A local children’s book publisher and a nonprofit have come together to use their bright idea to help local refugees.

Looking for a way to connect the holiday spirit with storytelling and social good, Dreamling Books and Kidnected World created a Village of Lights, with over 1,000 Dickens village houses on display. Proceeds from the event’s ticket sales—which included viewing the record-setting village, a hot cocoa room, a village market with local artists’ and makers’ wares, and a life-size snow globe room—will be used to fund a project benefitting local refugees.

“We came together and decided: let’s do something for the community that would invite people in and would give a chance for local artisans [to sell their goods], but also tell a cool Christmas story,” said Jenn Cook, CEO of Kidnected World. “We love the idea of the village—from our perspective, this is a global village. The way we look at our organization and the efforts that we do, both locally in the Salt Lake community and globally, is ‘how do we help everyone come together and see what it’s like to be together?’”

Making connections, in a nutshell, is what Kidnected World is about. The local nonprofit has a platform, The Wonderment (thewonderment.com) that helps children ages 6-14 become involved in social good projects worldwide, as well as learn about and make connections with other countries and cultures. Events like the Village of Light are open on their online platform for children across the world to participate in. For this event, children as far away as Cambodia or Thailand sent pictures of paper or Lego versions of their own houses as imaginings of how they might be included in the Dickens village.

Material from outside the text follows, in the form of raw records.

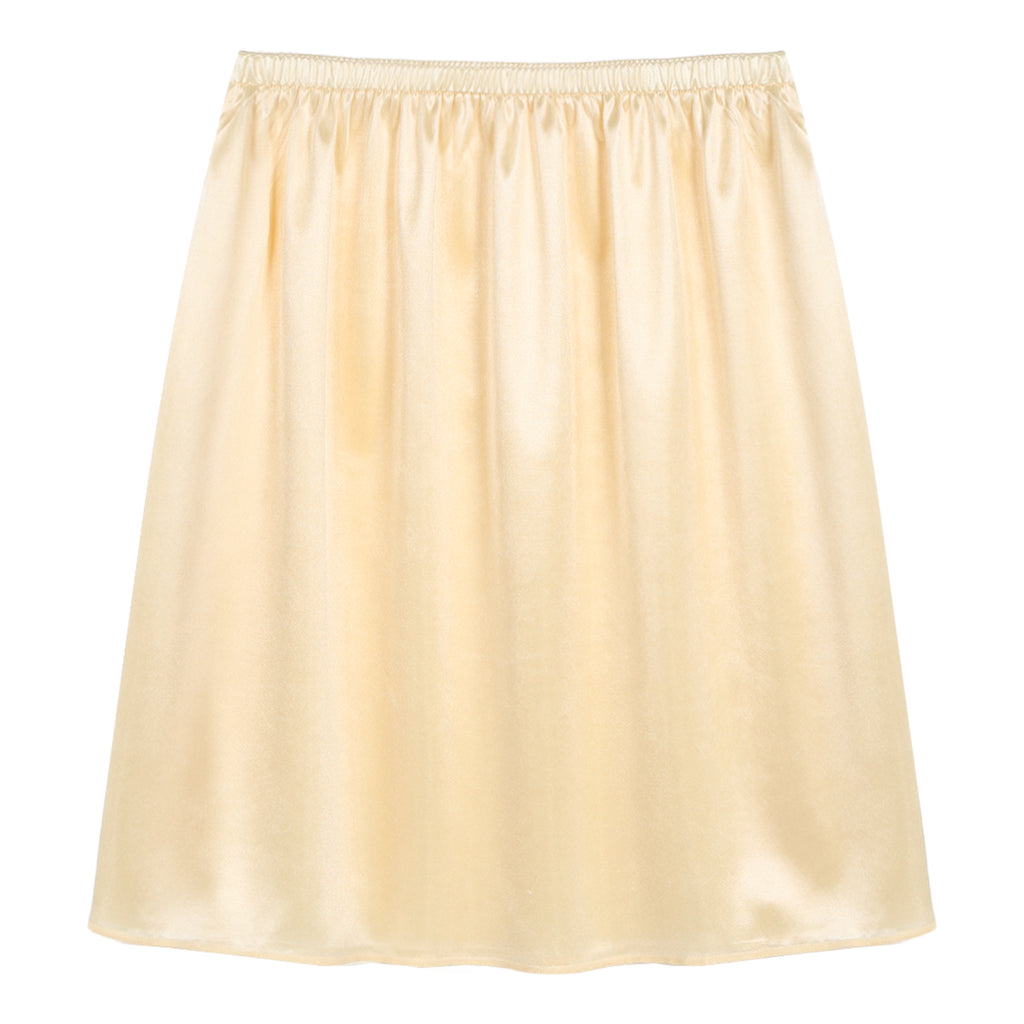 Womens Petticoat Skirt Solid Half Slip Underskirt Summer Elastic Waist Inner Lining Midi Skirt Long Underskirt for Party Dress
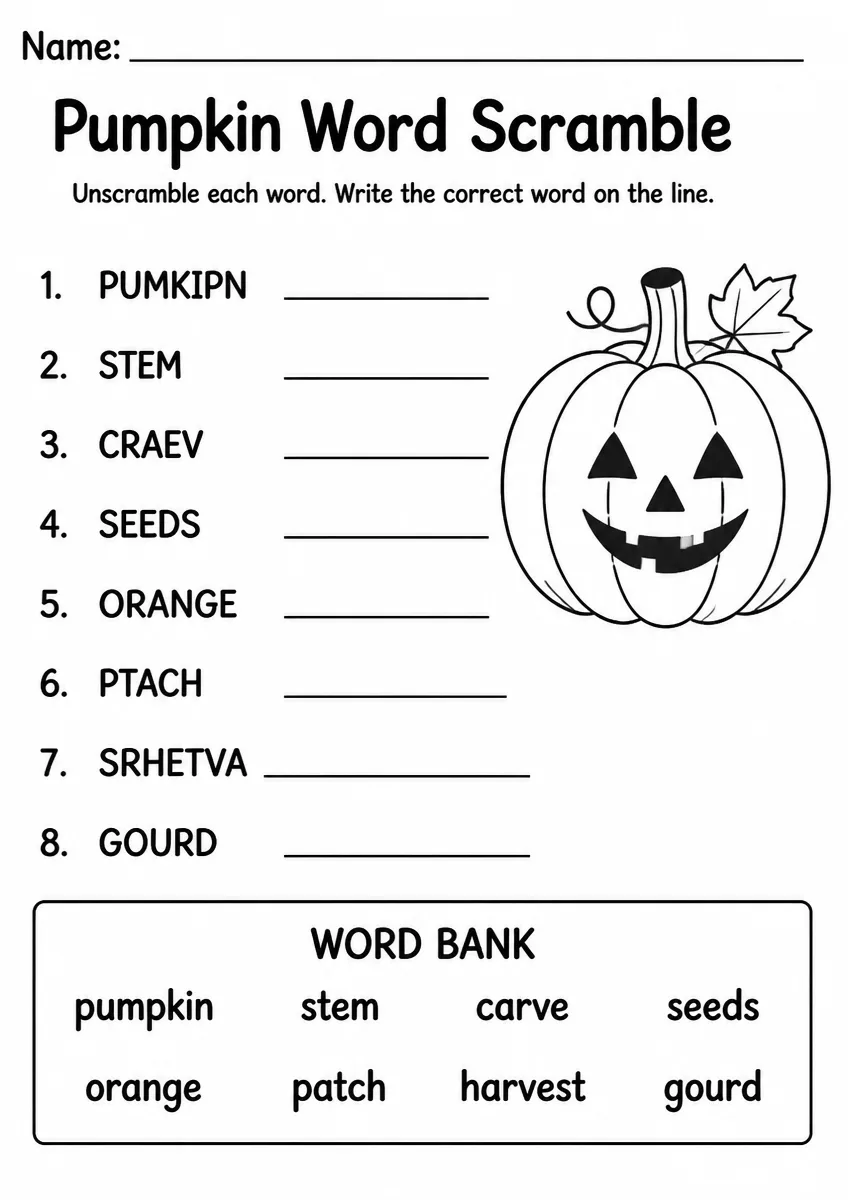Pumpkin word scramble worksheet for Grade 2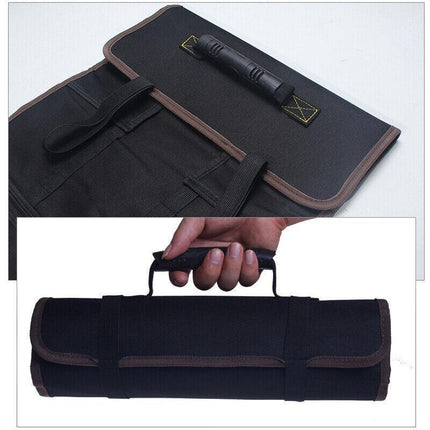 22 Pocket Tool Roll Fold Spanner Canvas Case Wrench Storage Bag Multifunctional - Aimall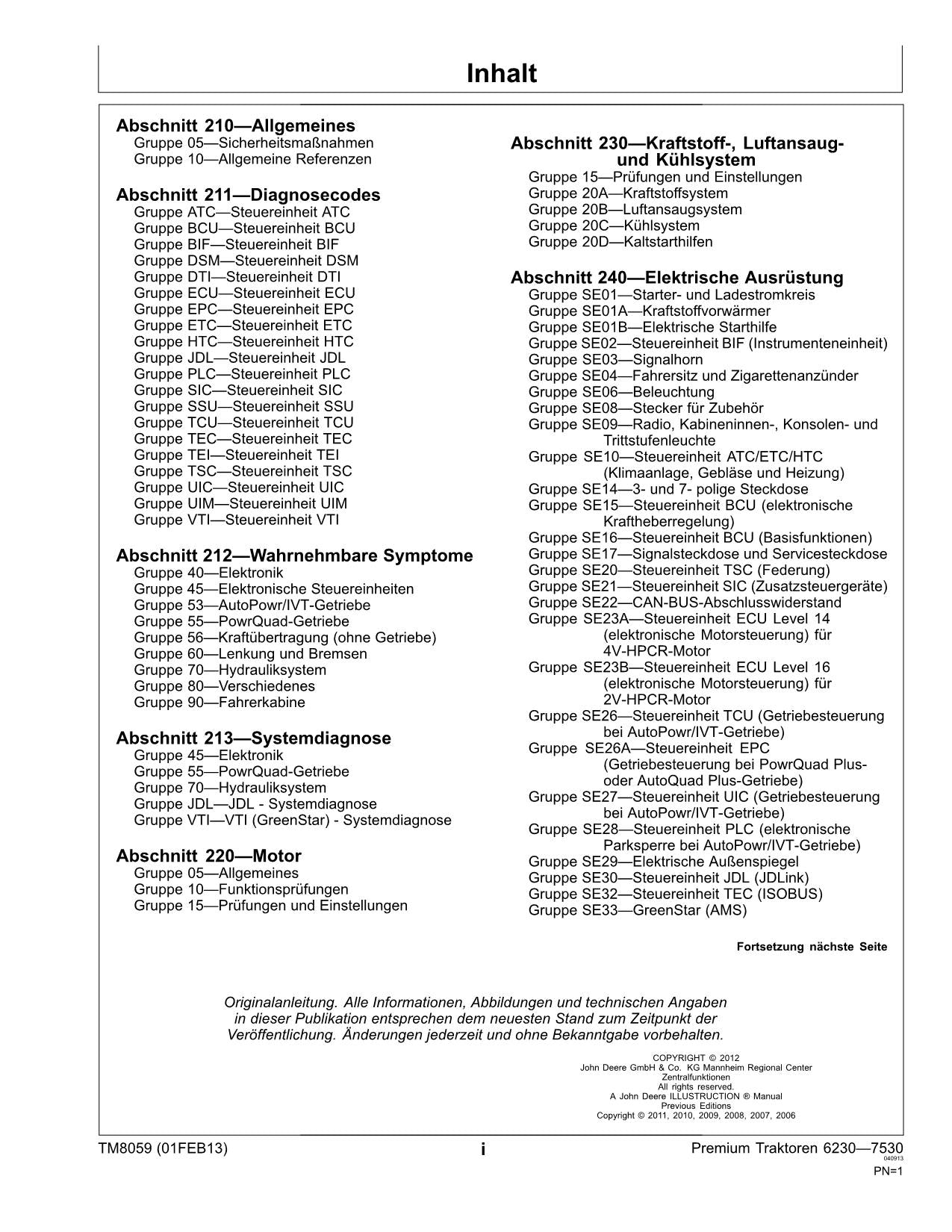 JOHN DEERE 6230 6330 6430 6530 6534 Preiumum TRAKTOR DIAGNOSE REPARATURHANDBUCH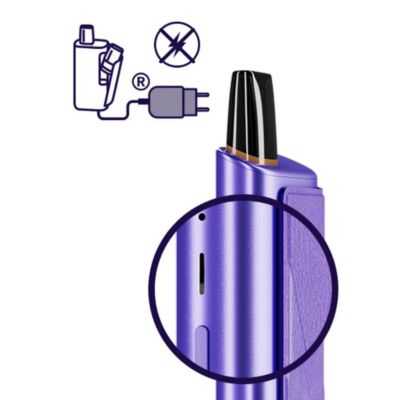 Guide illustré des problèmes de charge du VEEV ONE PLUS montrant un appareil violet avec un port et un pod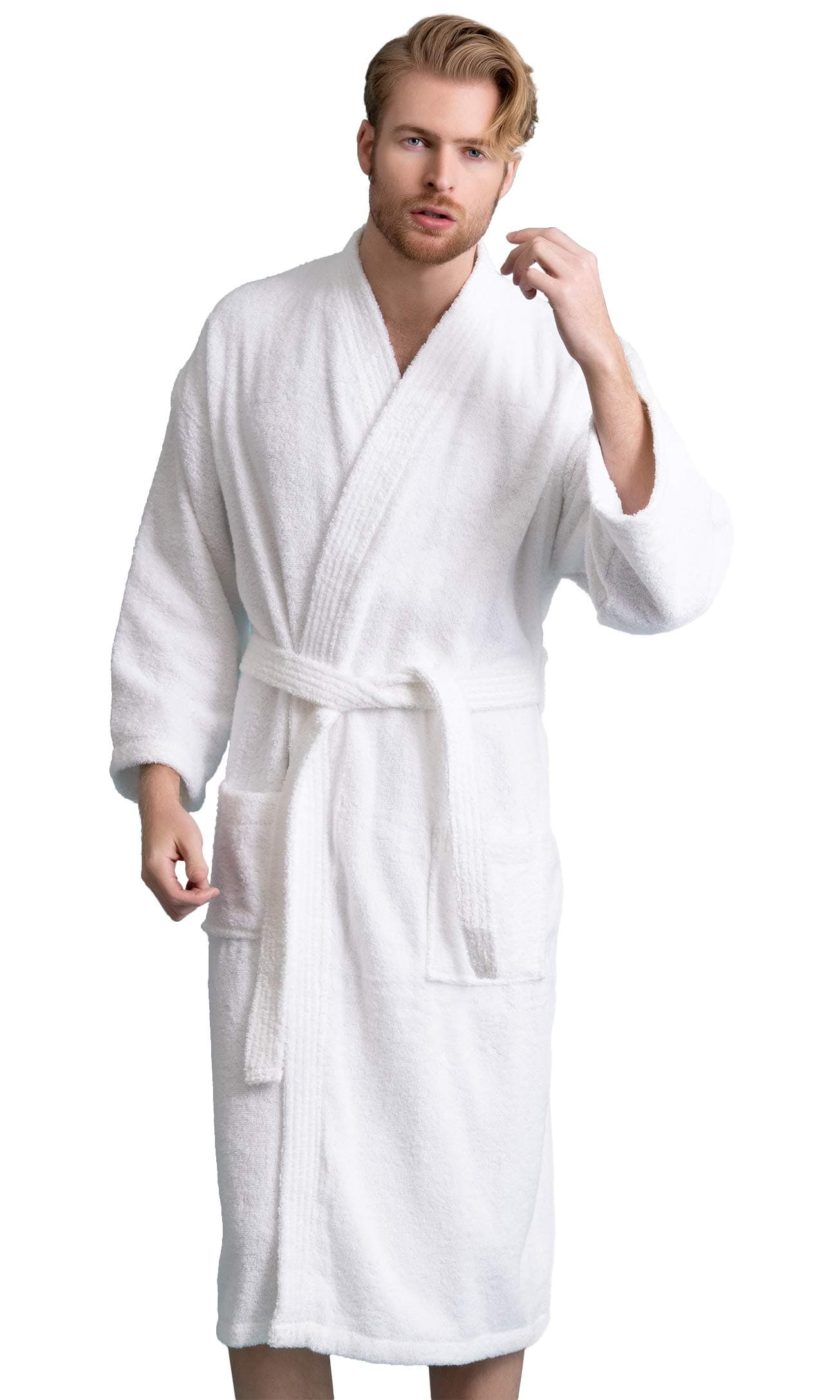 Men's Robe, Turkish Cotton Terry Kimono Spa Bathrobe (White, Large)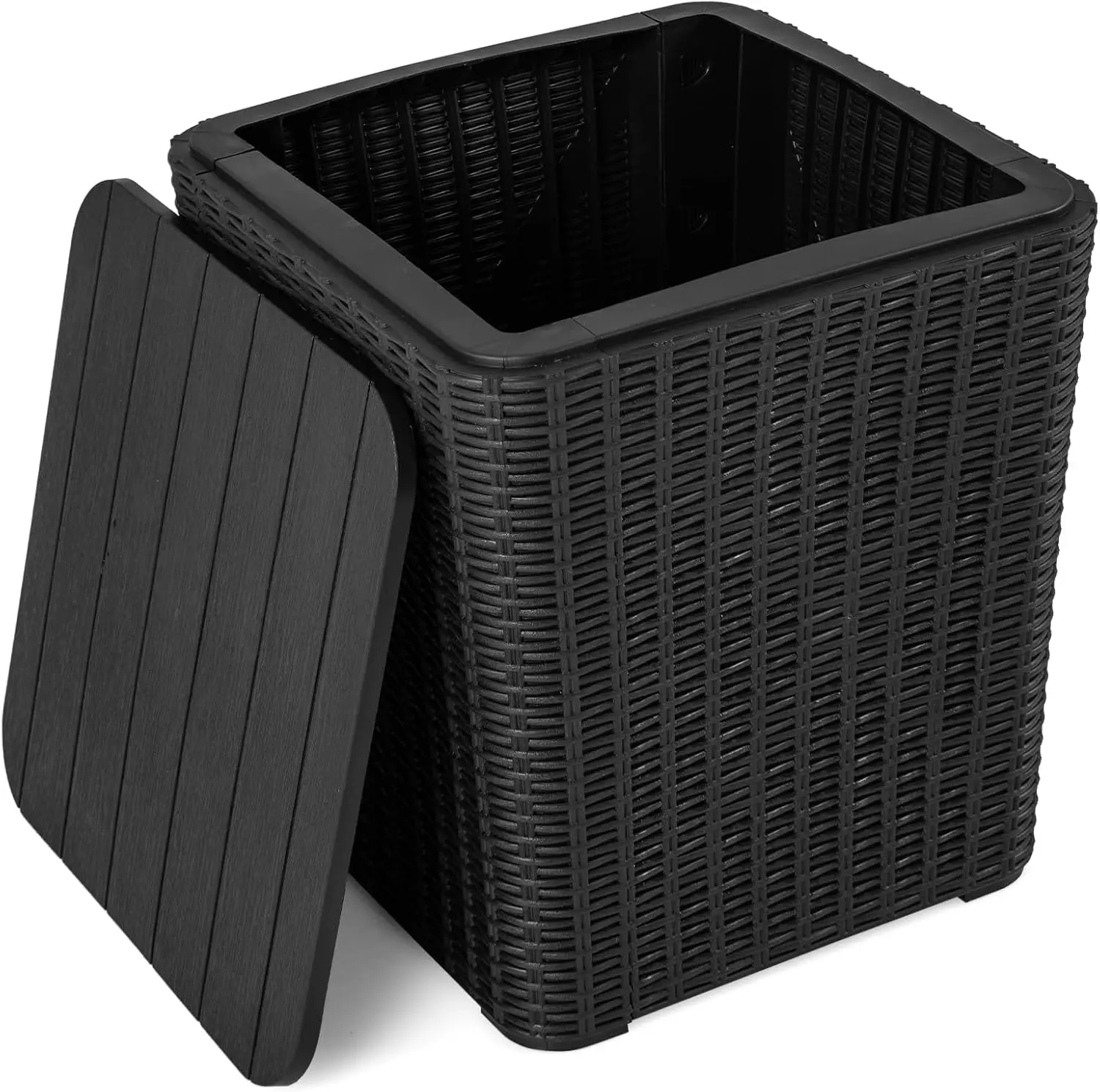 

11.5 Gallon Deck Box, Outdoor Side Table with Removable Lid, Faux Wicker-Woven, 330Lbs Capacity, Outside Waterproof Storage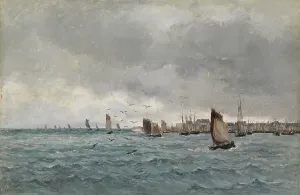 Laridae Prints: Harbour scene (Concarneau), 1849-1887. Creator: Emile Louis Vernier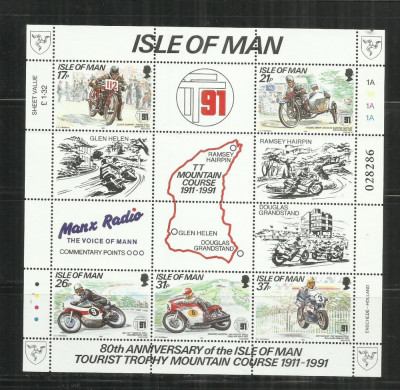 MOT 3 - MOTOCICLETE - ISLE OF MAN - COALA NESTAMPILATA foto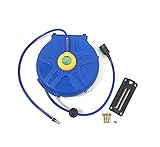 エアーホースリール 15m 天吊りフック ブラケット付 吊り下げ式 自動巻き上げ 天吊・壁掛け対応 収納便利 青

“Social good is where kids don’t typically have an opportunity to engage in on their own because it takes money and time—the two things they don’t get to control in their own world,” said Cook. “By giving them a space to do it that’s safe for them, where it’s not YouTube or Facebook, [we help them] use their creativity, essentially, as currency to make good happen in the world. It’s a cool thing.”

While most of Kidnected World’s projects have usually been focused on global social initiatives, Cook said it was important to the nonprofit to make sure they’re including the local community, as well. Focusing their efforts on Utah’s large refugee population was an immediate fit. With the ticket proceeds, along with 20 percent of the profits from the artists’ sales at the village market tent, and other outside investment, Cook is hopeful that early next year Kidnected World will be able to create a special creative space for local refugee children.

“We do a lot globally with social good projects, but it’s awesome that we have the opportunity to do something in our own back yard, with the refugee community here,” said Cook. “We’re in the process of working with refugee kids to come up with what would be a really great creative space, or experience, that we could have for the kids… We’ve been talking to a lot of people in that community about what would be useful to them and how we can find something that helps them engage—not only with the world and their home countries, but also to get them more involved in the community that they’re now a part of. [We want to be] helping them transition into this new world that they’re in.”